Before performing any further data analysis, the first step is to prepare the data. We will clean the data to handle outliers and missing values. In addition, we will perform data normalization and transformation on the given dataset.
For outliers, we will first determine if the values are due to human or system error. If it is due to human or system error, we can safely remove that transaction from our analysis. Otherwise, we will conduct separate analysis of these outliers values.
For missing values, we will determine the number of missing values. If the number is significant, we will use prediction techniques to predict these values based on the data set. Otherwise, we will remove these transactions from our analysis so that it will not affect our findings.
Lastly, we will perform data normalization and transformation. Some fields in the phone purchasing dataset and internet purchasing dataset have different scales and values even though they represent the same information. Also, due to system changes in Kaiso's IT infrastructure, there are some differences in the way the data is stored and named. Therefore, we will perform data normalization and transformation to ensure that values throughout both dataset are consistent before we can perform any analysis.

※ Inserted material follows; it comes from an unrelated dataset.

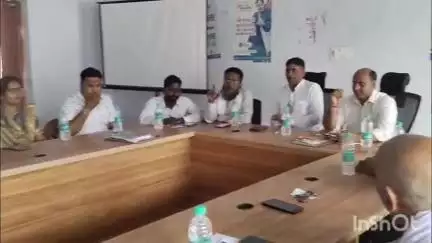 तिसरी: प्रखंड कार्यालय के सभागार में राशन कार्ड धारकों को जून में तीन महीने का राशन वितरण को लेकर बैठक की गई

Exploratory Data Analysis (EDA)

In the initial stage of this project, we will examine the dataset to have a better understanding of the various aspects of the dataset. We will then proceed to perform comparison studies between the datasets. The purpose of the comparison studies is to identify any behavioral differences among the customers. There are two studies which we will be doing - cross-sectional analysis and longitudinal analysis. Some of the comparisons which we will be looking at for both analyses are the frequencies of transactions for account holders in relation to the different ticketing types, the popular time of transaction, type of transaction and amount per transaction.

Cross-sectional Analysis
In this analysis, we will perform comparison study on customers in the same time period of 2015 and 2016. We have 2 months of data for 2016 and will be subsetting the 2015 dataset to contain records from the same time period only.
The purpose of using the same time period for both years is to eliminate any seasonal fluctuations that exists in the datasets.

Longitudinal Analysis
For this analysis, we will be examining the behavioral change of old customers that bought tickers before and after the launch of the online ticketing channel. This analysis aims to answer the question on whether customers purchasing behaviour changed after the launch. Hence, we will filter out data records to include only old customers (customers who registered before the launch).
We will be doing comparisons on data two months before and two months after the launch of the online ticketing site.

Dashboard

Following the analysis, an analytical dashboard will be built to visualize our findings. The dashboard will display the key variables of the data and how they affect the customer purchasing behaviour. The customer engaging teams would be able to utilize the dashboard to display and better understand the differences between the customer behaviours before and after the launch of the new system.
The dashboard will use a framework that allows Kaiso to update their dashboard by uploading their dataset every time they have a new dataset. Design, statistics and visualization will be our main considerations when building the dashboard so that they can easily unveil the differences that they are looking for.

Recommendations & Insights

From our analysis and dashboard, we seek to assist Kaiso in understanding the characteristics of their customers. We will be proposing business strategies and recommendations to them based on the insights that we have uncovered.